Latest N.Y.C. gridlock threat: garbage exports
Tuesday, June 18, 1996 | 11:59 a.m.
NEW YORK -- Tractor trailers now carry so much trash up and down the East Coast on Interstate 95 that solid-waste officials have dubbed it "the Great Trashway." That handle is likely to be reinforced in the years ahead since New York has recently announced that over the next five years it will close its landfill, the largest in the country.
When the huge, but politically controversial, Fresh Kills landfill on Staten Island closes, the Big Apple will become the nation's largest garbage exporter. The city, however, is only the latest in a long line of communities to ship their trash out of state to so-called megadumps or high-temperature incinerators. The trend, prevalent in the Northeast and the West Coast, however, could increase highway congestion as more trucks haul trash. The cost to dispose of trash could likely increase, as well, and cities will face added pressure to recycle.
Producing more than 12,000 tons of garbage a day, New York will have to face up to these problems relatively quickly.
"It will be quite a management job," predicts Tom Kennedy, executive director of the Association of State and Territory Waste Management Officials in Washington. He says New York will have to send its trash to landfills and incinerators around the East Coast.
Despite the volume, the city should have no trouble finding dump space, says Lanny Hickman, executive director of the Solid Waste Association of North America. "There's lots of capacity out there," he says. In the Virginia area alone, he says, there are now dumps with a combined capacity of 10,000 to 12,000 tons of garbage a day. "But if you dump that much on the marketplace, you could possibly drive prices up," warns Mr. Hickman.
The prospect of New York's trash heading across state borders already has some trash-importing states leery. Indiana's US Sen. Dan Coats (R), says, "It certainly doesn't give Hoosiers, or a lot of Midwesterners for that matter, greater peace of mind knowing that the country's largest landfill is closing."
And if the city uses a fleet of trucks to haul its trash, the decision could add significantly to highway congestion. It would mean a truck would be leaving the city about every 15 minutes for out-of-town landfills. "It is too painful to contemplate, the congestion level is already world class," says James McGowan of the Automobile Club of New York.

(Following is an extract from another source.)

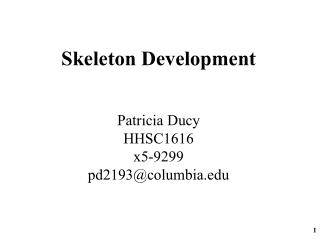Skeleton Development Patricia Ducy HHSC1616 x5-9299 pd2193@columbia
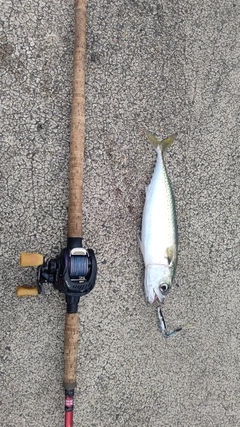 サバの釣果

Residents living in towns surrounding dumps frequently complain about the traffic. For the past two years, Senator Coats has introduced legislation that would allow local communities to have some control over landfills. The Senate approved the legislation last year but the measure stalled in the House Commerce Committee, chaired by Rep. Thomas Bliley (R) of Virginia. Mr. Bliley's office did not return phone calls.
Environmental groups hope that the decision to close Fresh Kills means the start of an aggressive program to encourage recycling. Currently, the city recycles only 2,000 tons of garbage per day. Private carters recycle 35 to 40 percent of the 12,000 tons of commercial trash they haul. "If Fresh Kills gets closed, the question is realistically how much can be recycled or how much can be eliminated through waste-prevention techniques so what is left is manageable?" says Jim Tripp, general counsel of the Environmental Defense Fund.
Mr. Tripp says he believes the city must increase its recycling by 75 percent. This would leave it with 3,000 to 4,000 tons per day of trash to export. But no city in the United States currently recycles at that rate. New York would have to do a much better job of educating the public about composting. Yard waste from Queens and Staten Island currently makes up about 3 percent of the city's waste. An additional 15 to 18 percent is leftover food. Tripp says this can easily be composted if the public understands the process. New York could make further gains if it started to recycle "mixed paper," not just white paper. But Lucian Chalfen, a Department of Sanitation spokesman, calls these suggestions "patently unrealistic."
Resource-recovery advocates, however, are worried because the city's new budget, passed last week, has cut recycling funding by nearly 40 percent. "It will reduce the amount of recycling and the people's enthusiasm for recycling," predicts Chris Meyer, staff attorney for the New York Public Interest Research Group.
But Mr. Chalfen counters, "What is being done in the current budget has no implication or effect in the next 4-1/2 years as we go to close the landfill."